On Wednesday the 2nd of March 2016, Center for War Studies, in corporation with History at SDU, held a lecture about Nuclear Realism. The lecture was given by Casper Sylvest, Associate Professor at History at SDU, on account of his and Rens van Munster’s forthcoming book, Nuclear Realism: Global Political Thought during the Thermonuclear Revolution.
The event was launched with an introduction of Casper Sylvest as being a professor with various interests concerning international relations, but especially with issues regarding security and technological development in a historical and global perspective.
Sylvest then introduces nuclear realism as a fusion of realism, in terms of how to understand politics and radicalism regarding a more or less possible solution to avoid the potential devastating consequences of nuclear weapons. The focus of the event was on the critique of nuclear deterrence, present in the early 1950s, lead by Bertrand Russell (an outspoken proponent of nuclear disarmament), Lewis Mumford (philosopher of technology), John H. Herz (best known for the security dilemma) and Günther Anders (philosopher and anti-nuclear activist).
The forthcoming book, he explained, is divided in five main chapters: 1) The atomic age and the new knowledge economy – which criticizes the device for production of knowledge, stating that much of the research in the time surrounding the 1950s, was financed by the Ministry of Research. 2) Limits of war and rationality in the thermonuclear age – which criticizes the reductionist tendency to make everything about rationality without reason, stating that the deterrence theory undermines unavoidable mechanisms in international relations such as diplomacy and balance of power. 3) Security and liberty – criticizing the term “national security” (questioning what national and security means and if one can even argue for security in a nuclear age), as well as the culture of secrecy created by the state as a nuclear statehood, stating that it has fatal consequences for democracy as it should be. And lastly chapter 4) Technology and ecology, and 5) Reimagining the future – both focusing on the concern for global population growth and the need to deal with the fact that, we in the nuclear age and forward, are producing self-defeating technology, with Bertrand Russell stating the need for world government as a solution.
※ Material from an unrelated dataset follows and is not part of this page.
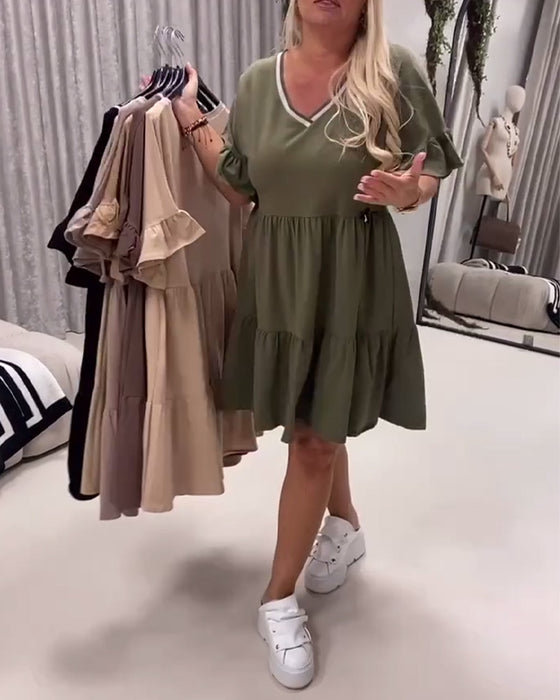 Kleid V-Ausschnitt Rüschenärmel A-Linie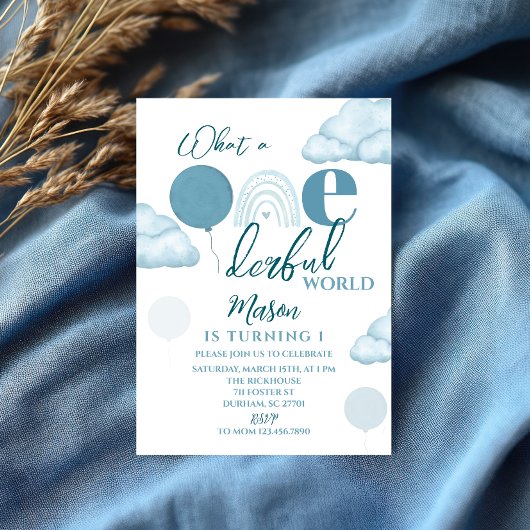 Blue Wonderful World First Birthday Invitation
After the presentation of the book and the term Nuclear Realism, the event was completed with an open debate and the opportunity to ask Sylvest questions. Another professor at SDU, with well-known close relations to international relations theory, Sten Rynning, was attending and raised the question of how nuclear realism is associated with the realism, generally associated with international relations. with nuclear realism’s focus on hypothetical scenarios and “thinking the impossible”, as to which Sylvest clarifies that nuclear realism is an attempt to merge a realist way of understanding politics with a radical solution to avoid the world (allegedly) defeat itself.
So to make a kind of conclusion: Nuclear Realism: Global Political Thought during the Thermonuclear Revolution is a discussed issues in the amotic age according to realist-radical theoreticians, putting nuclear technology on the agenda – once again.